### GOAL OF THE EXERCISE
In the data below, restate exactly the lines from the one with "Ноутбук Asus X550JK" to the final line, both included, but not the pictures.

### SUPPLIED DATA

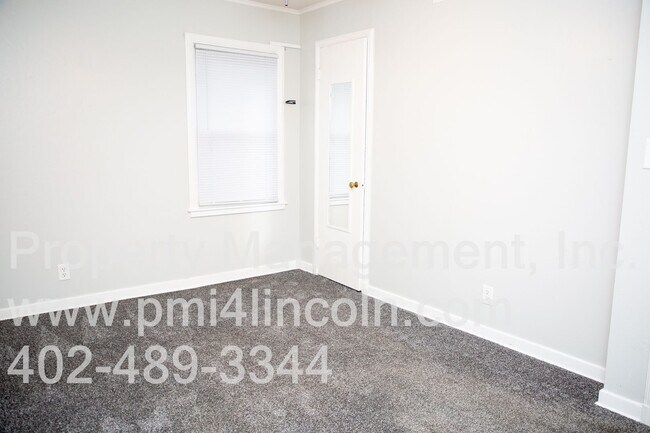 Building Photo - 2 Bedroom and 1 Bathroom Home Available For Rent!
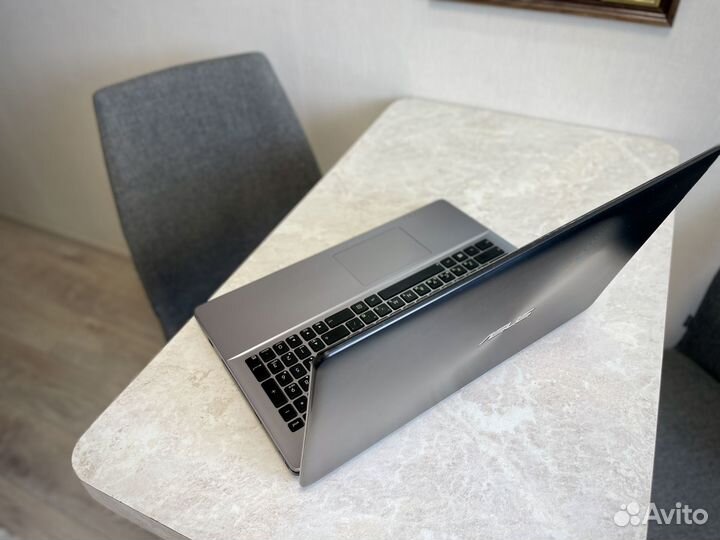 Ноутбук Asus X550JK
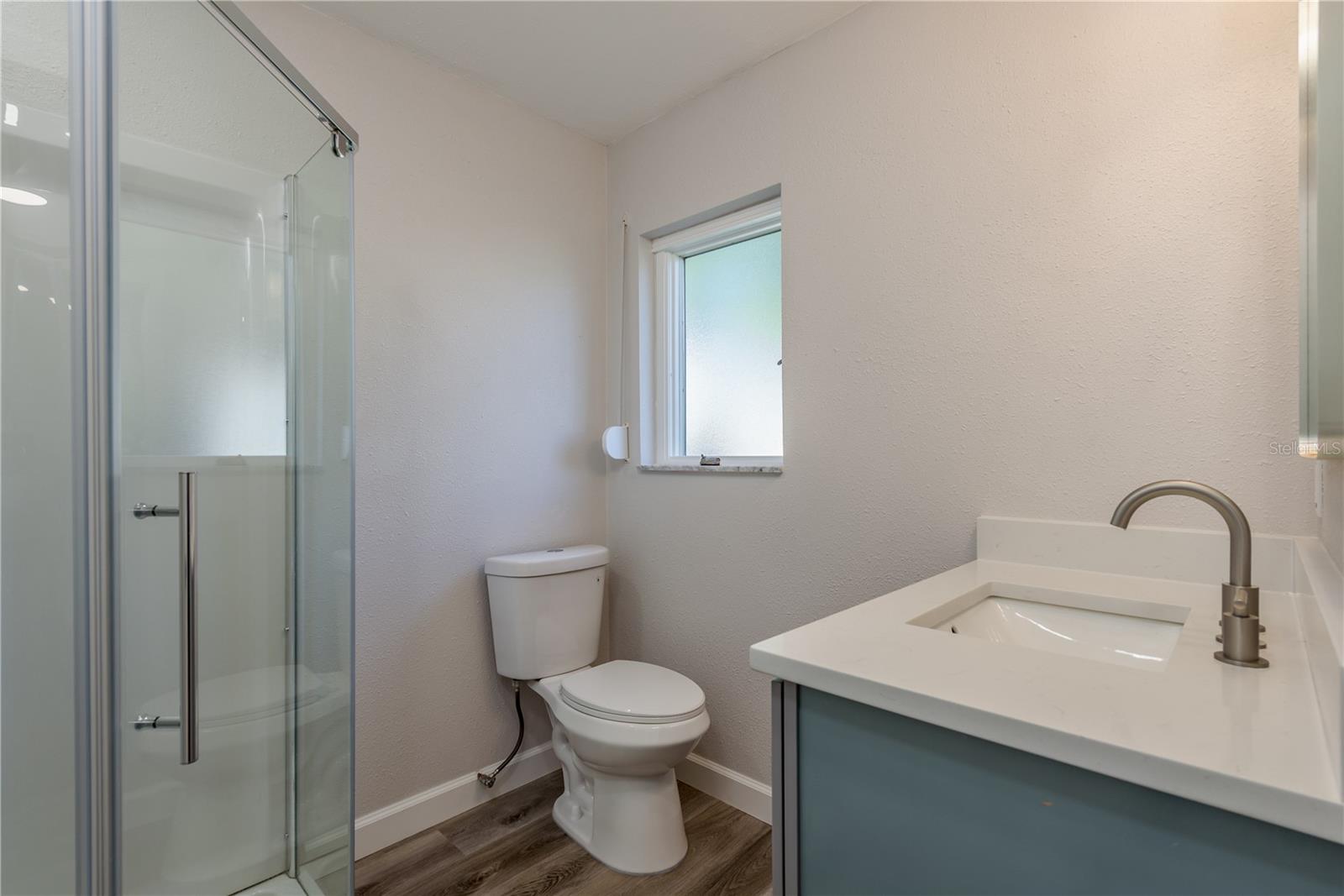 Image 23 of 42 For 5630 Venetian Boulevard Ne
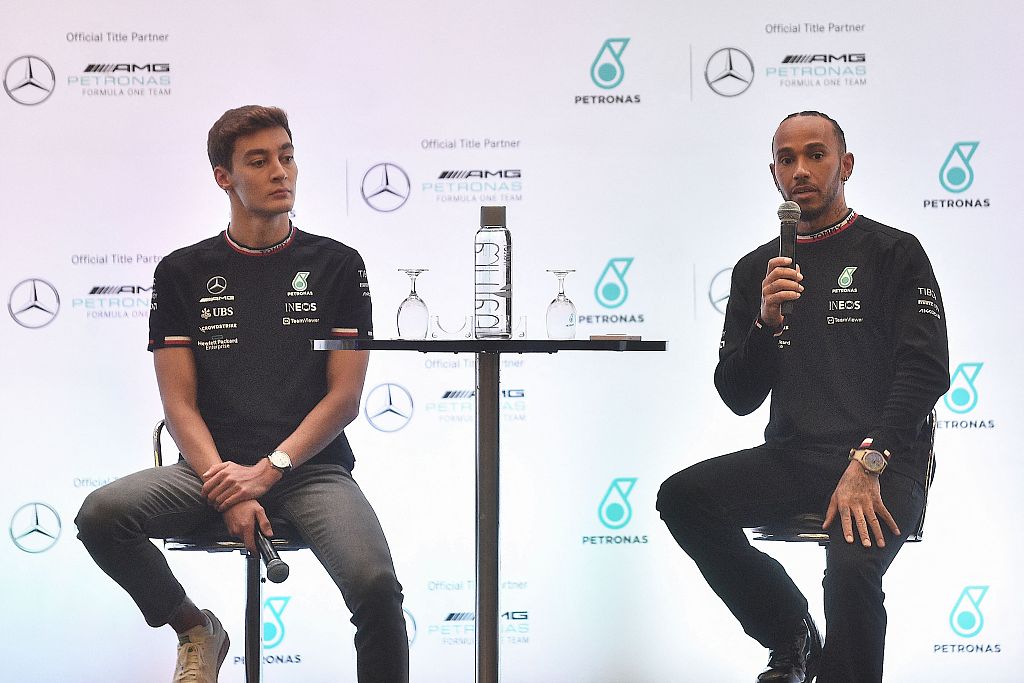 Mercedes racers Lewis Hamilton (R) and George Russell attend a press conference announcing the extension of the team's partnership with Petronas in Kuala Lumpur, Malaysia, September 28, 2022. /CFP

### SOLUTION TO THE PROBLEM
 Ноутбук Asus X550JK
 Image 23 of 42 For 5630 Venetian Boulevard Ne
 Mercedes racers Lewis Hamilton (R) and George Russell attend a press conference announcing the extension of the team's partnership with Petronas in Kuala Lumpur, Malaysia, September 28, 2022. /CFP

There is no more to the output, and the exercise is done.